Déjeuner du lundi 11 août 2008
Cela fait maintenant quelques mois que je suis avec attention la carte du Cor de Chasse, sans pour autant avoir eu l’occasion d’y manger. Il est vrai que niché en plein coeur des ardennes belges (1h45 de Bruxelles), s’y rendre demande un minimum de préparation, surtout quand on habite Paris :o).
Après la récompense d’une première étoile l’an dernier et de sincères éloges formulées par San de L’Air du Temps, l’envie de visiter cette adresse allait en grandissant et en février dernier, lors d’un dîner aux Ambassadeurs du Crillon organisé avec San et nos épouses, j’eu l’occasion de rencontrer pour la première fois Mario Elias, le chef, et Aurore son épouse. Le courant passa immédiatement et la soirée fut des plus agréables. Il était maintenant impératif que nous visitions le Cor de Chasse dans les prochains mois. Et ce fut chose faite en ce lundi 11 août.
Le Cor de Chasse, dont Mario est membre des JRE – Jeunes Restaurateurs d’Europe, est situé sur les hauteurs de Barvaux sur Ourthe, commune ardennaise située à proximité de la plus connue ville de Durbuy. A peine l’entrée franchie, nous sommes accueillis avec gentillesse et sourires par Aurore et l’équipe qui l’accompagne.
Nous prenons l’apéritif au salon et entamons notre repas avec un champagne Louis Roederer, brut non millésimé. Côté menu, nous partons sur le menu Prestige en 7 services (59€), auquel nous rajouterons le plateau de fromages tandis qu’Aurore nous informe que Mario souhaite nous faire goûter un plat de viande supplémentaire. Inutile de vous dire que nous acceptons avec plaisir cette généreuse proposition…
Le menu étant choisi, nous optons côté vins sur la sélection qui est suggérée pour l’accord mets/vins (29€) et sommes dès lors prêts à entamer les festivités.
Quelques mises en bouche de consistances différentes
Les premières mises en bouche offrent des textures légères et onctueuses, petits gris pour la première, crevettes grises pour la seconde.
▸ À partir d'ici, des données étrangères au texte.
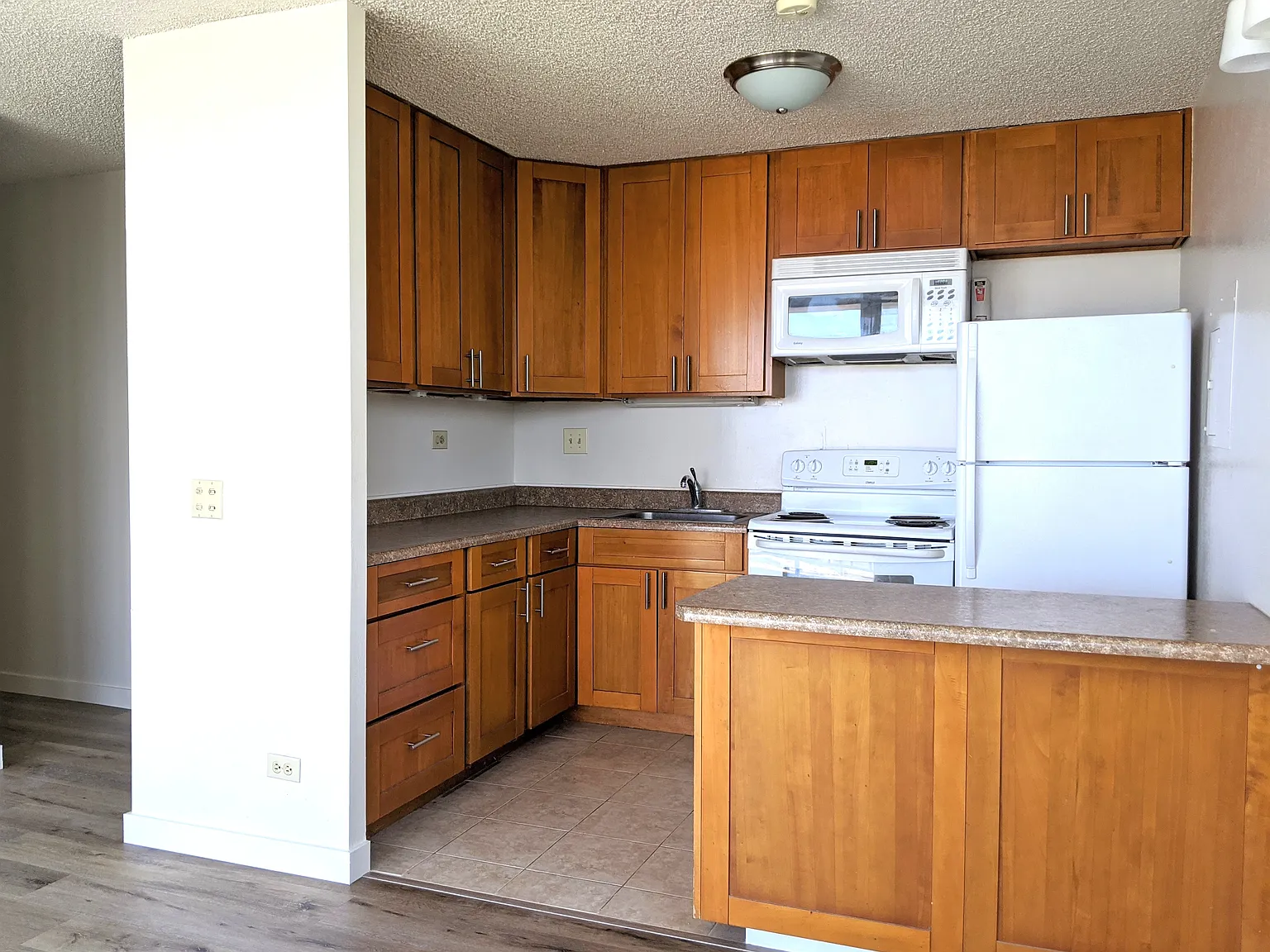 2 bed, 740 sqft, $2,650 — Photo 2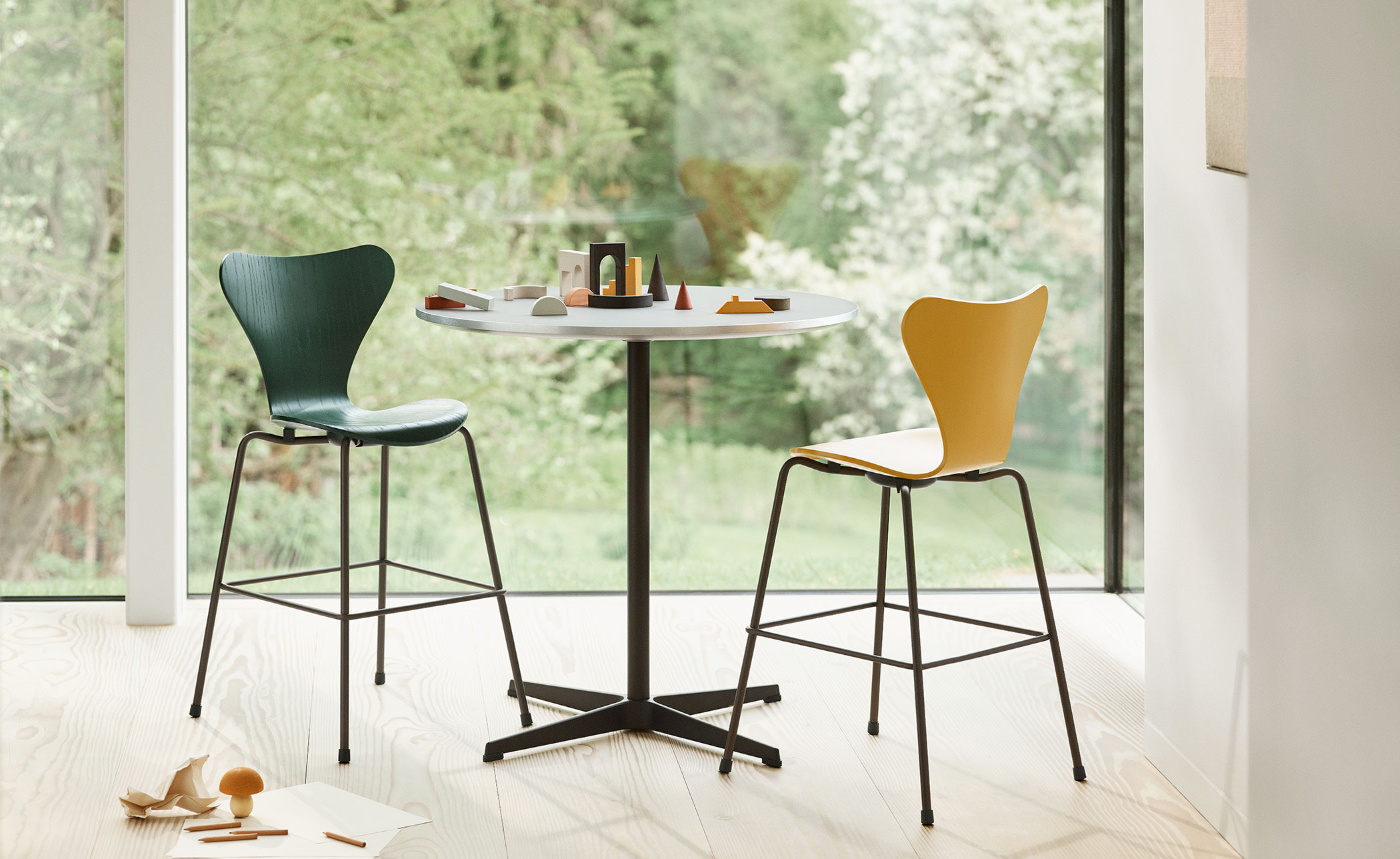 large pedestal base circular top table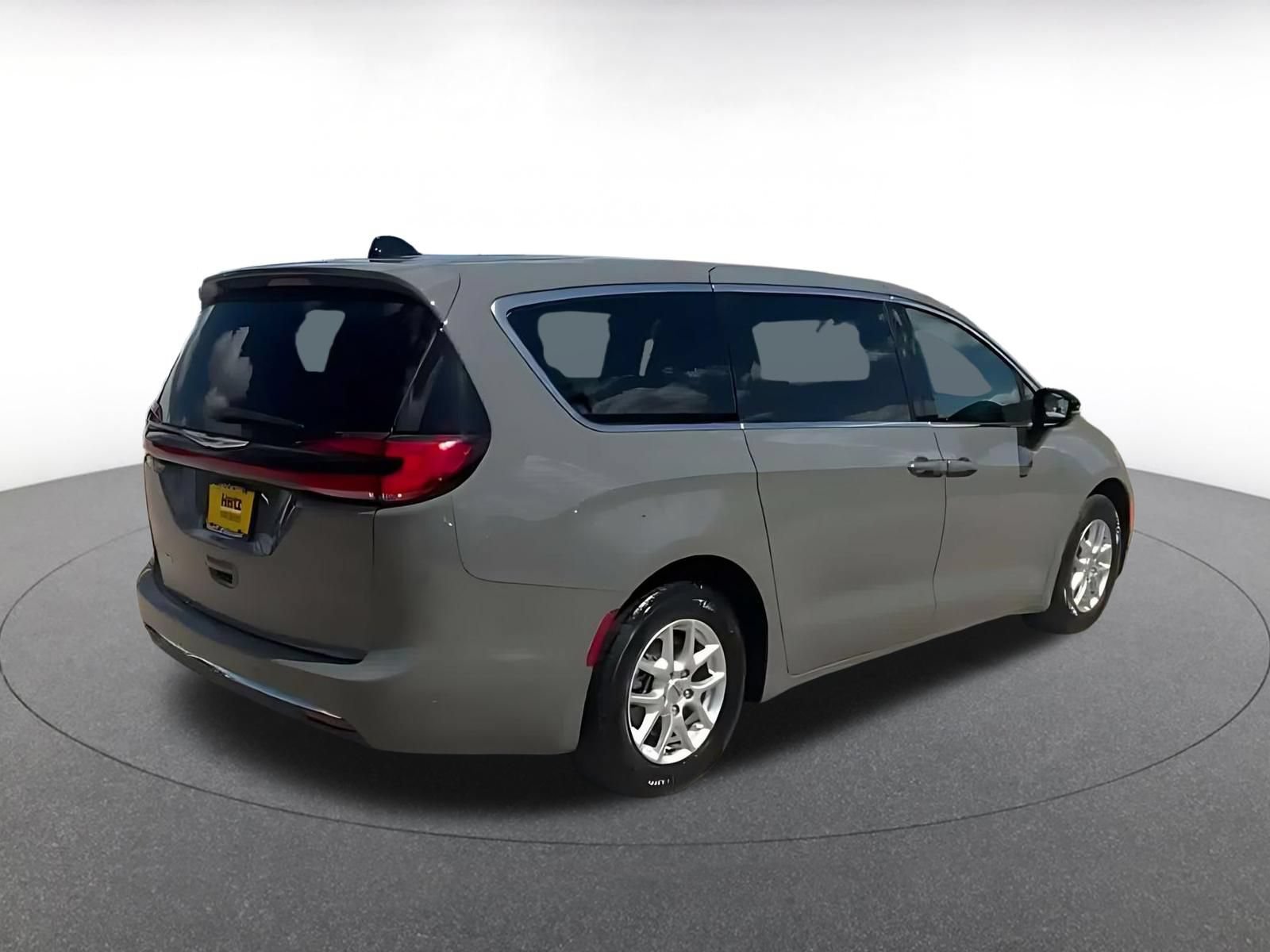 Used 2025 Chrysler Pacifica Select FWD image 13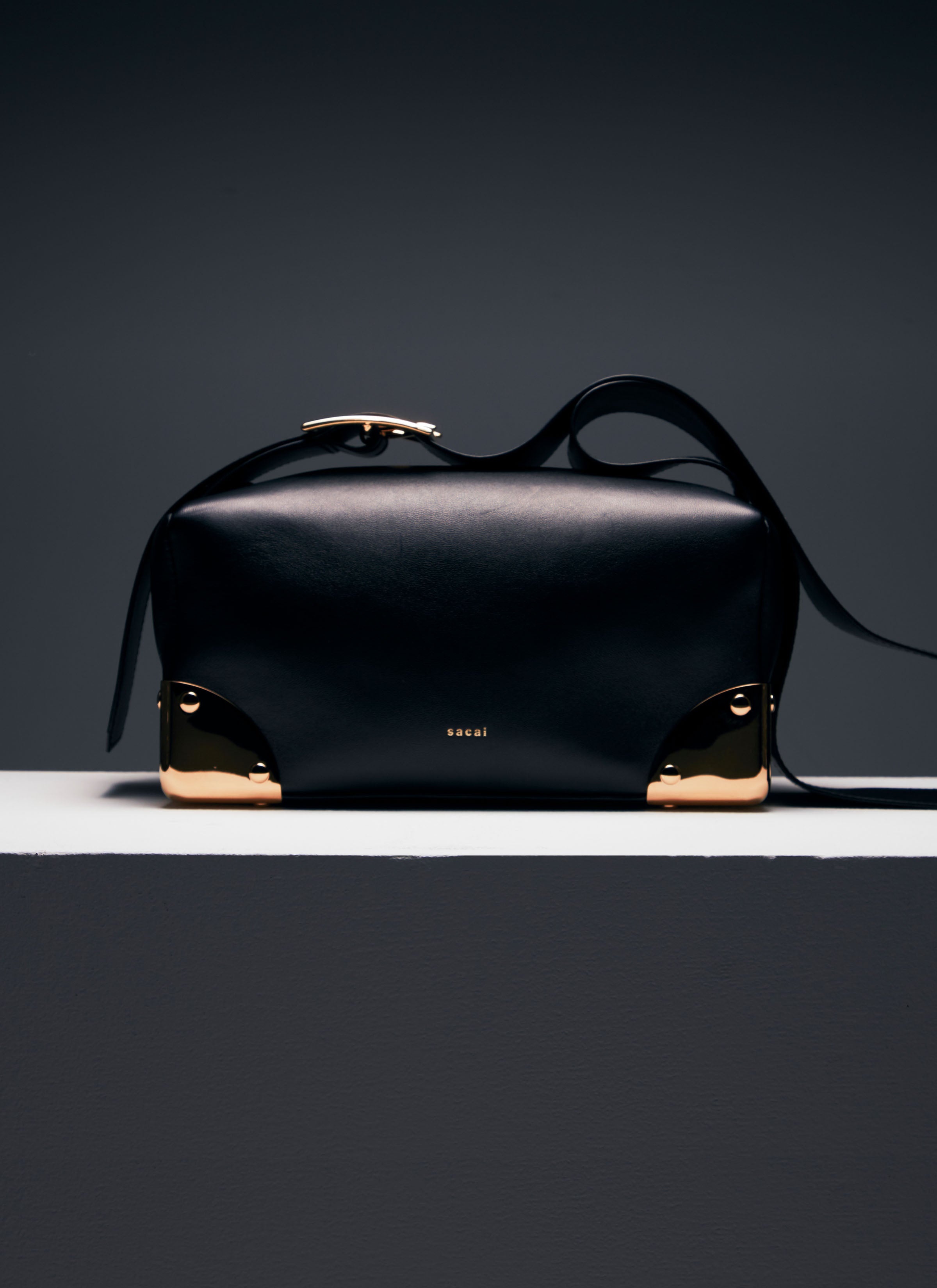 Corner Metal Sholder Bag - 4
Frais et goûtu.
On s’installe ensuite à table et on poursuit avec cette 3ème mise en bouche servie dans un contenant plus qu’original et volontairement ludique : voilà la sardine à l’huile revisitée : une sardine de toute première fraîcheur accompagnée de bulles d’olive. Très bon.
On finit les mises en bouche avec ce 4ème service : moules bouchot, betterave, moutarde. On joue à nouveau sur les textures tout en proposant des saveurs assez tranchées. Si ces associations sont devenues courantes dans certaines grandes tables (Fat Duck par ex), cela reste suffisamment original pour interpeller le palais de chacun. Pour ma part, une totale réussite, je pense d’ailleurs en avoir mangé 3 ou 4 … :o)
Thon et foie gras aux asperges marinées à l’huile de noisette, pomme granny smith et crème de foie gras
Chartreuse de Mougères, Vin du Pays d’Oc, 2007
Première entrée et on continue de découvrir le monde de Mario. Le thon cru est associé ici avec du foie gras en différentes textures pour offrir un ensemble bien équilibré, toujours sur la fraîcheur malgré le foie gras subtilement présent et n’alourdissant en rien le plat. La pomme et les asperges marinées contribuent à cet équilibre, que ce soit dans les textures (croquantes) ou dans l’acidité (pommes). Une vraie réussite.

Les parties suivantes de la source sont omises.